Chris J. Ratcliffe/EPA

O secretário-geral das Nações Unidas, António Guterres

O secretário-geral da ONU alertou os Estados-membros de que a organização corre o risco de um “colapso financeiro iminente”, citando quotizações por pagar e uma regra orçamental que obriga o organismo mundial a devolver dinheiro não gasto, e salientou que “nenhum poder sozinho” resolve problemas globais.

“A crise está a agravar-seameaçando a execução de programas e arriscando o colapso financeiro. E a situação vai deteriorar-se ainda mais num futuro próximo”, escreveu o secretário-geral da ONU, António Guterresnuma carta dirigida aos embaixadores datada de 28 de janeiro, a que a Reuters teve acesso.

UM ELE enfrenta uma crise de tesourariadepois de os EUA, o maior contribuinte do organismo mundial, terem cortado o financiamento às agências das Nações Unidas, e recusado efetuar os pagamentos obrigatórios aos orçamentos regular e de manutenção da paz da organização.
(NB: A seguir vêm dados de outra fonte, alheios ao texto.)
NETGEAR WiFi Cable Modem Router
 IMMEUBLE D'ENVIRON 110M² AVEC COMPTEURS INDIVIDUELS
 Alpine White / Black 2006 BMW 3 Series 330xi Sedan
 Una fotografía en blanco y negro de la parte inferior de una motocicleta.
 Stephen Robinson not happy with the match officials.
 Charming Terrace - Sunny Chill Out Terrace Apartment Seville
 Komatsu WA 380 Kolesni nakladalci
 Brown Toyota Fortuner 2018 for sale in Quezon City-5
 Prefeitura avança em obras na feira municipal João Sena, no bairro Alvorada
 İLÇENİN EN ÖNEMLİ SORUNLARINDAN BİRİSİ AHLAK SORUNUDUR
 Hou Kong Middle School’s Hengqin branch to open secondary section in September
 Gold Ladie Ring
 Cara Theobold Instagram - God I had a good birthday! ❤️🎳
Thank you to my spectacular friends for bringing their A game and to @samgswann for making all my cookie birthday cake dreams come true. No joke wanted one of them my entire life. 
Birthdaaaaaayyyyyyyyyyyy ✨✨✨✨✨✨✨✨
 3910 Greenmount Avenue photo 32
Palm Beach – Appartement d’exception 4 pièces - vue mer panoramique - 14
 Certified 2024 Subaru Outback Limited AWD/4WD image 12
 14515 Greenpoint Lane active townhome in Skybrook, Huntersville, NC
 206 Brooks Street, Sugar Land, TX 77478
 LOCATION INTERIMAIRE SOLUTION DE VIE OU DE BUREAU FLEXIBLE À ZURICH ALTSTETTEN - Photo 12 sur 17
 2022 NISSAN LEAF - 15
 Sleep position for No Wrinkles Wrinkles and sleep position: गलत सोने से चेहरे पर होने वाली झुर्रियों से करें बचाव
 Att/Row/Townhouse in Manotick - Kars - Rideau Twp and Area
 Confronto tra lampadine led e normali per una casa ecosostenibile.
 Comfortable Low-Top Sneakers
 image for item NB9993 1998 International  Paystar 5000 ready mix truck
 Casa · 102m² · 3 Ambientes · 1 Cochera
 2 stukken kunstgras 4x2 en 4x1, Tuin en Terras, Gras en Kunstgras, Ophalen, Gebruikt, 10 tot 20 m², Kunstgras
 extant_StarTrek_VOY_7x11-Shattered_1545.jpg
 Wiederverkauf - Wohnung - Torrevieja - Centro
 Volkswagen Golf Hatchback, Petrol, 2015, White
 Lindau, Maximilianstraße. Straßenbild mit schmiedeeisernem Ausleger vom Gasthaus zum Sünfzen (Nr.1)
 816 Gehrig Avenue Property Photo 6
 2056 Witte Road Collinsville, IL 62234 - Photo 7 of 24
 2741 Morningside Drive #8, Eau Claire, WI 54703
Na carta, Guterres afirma que “decisões de não honrar contribuições obrigatórias que financiam uma parte significativa do orçamento regular aprovado foram agora anunciado formalmente“.

Guterres não especificou a que estado ou estados se referia, e um porta-voz da ONU não respondeu a um pedido de comentário da Reuters.

“Ou todos os Estados-membros honram as suas obrigações de pagar na totalidade e atempadamente, ou têm de reformular fundamentalmente as nossas regras financeiras para evitar um colapso financeiro iminente“, afirmou, alertando que o dinheiro pode esgotar-se em julho.

Nenhum poder sozinho resolve problemas globais

Também esta quinta-feira, no seu último discurso anual como secretário-geral, durante o qual delineou as prioridades da ONU, António Guterres alertou que “a cooperação no mundo está a erodir-se“, e visou um,  talvez dois, países poderosos que estão a minar os esforços para resolver problemas globais coletivamente.

“Nenhum poder sozinho” pode resolver problemas globais, afirmou Guterres, numa aparente referência ao presidente Donald Trump e ao seu Conselho de Paz — que, segundo alguns críticos, visa substituir a ELE.

Guterres salientou que o organismo está pronto a ajudar os membros a fazer mais para enfrentar as suas questões mais prementes, incluindo a catástrofe climática, a desigualdade, os conflitos e a crescente influência das empresas tecnológicas.

Mas, alertou o secretário-geral da ONU, “os problemas globais não serão resolvidos por um poder a ditar as regras“, numa aparente referência à administração a Donald Trump e às suas medidas para abandonar grande parte do sistema da ONU, ao mesmo tempo que pressiona os países a aderir ao seu “Conselho da Paz”.

Guterres acrescentou que “dois poderes também não resolvem os problemas dividindo o mundo em esferas de influência rivais“, no que pareceu ser uma referência à China e ao seu papel crescente nos assuntos globais.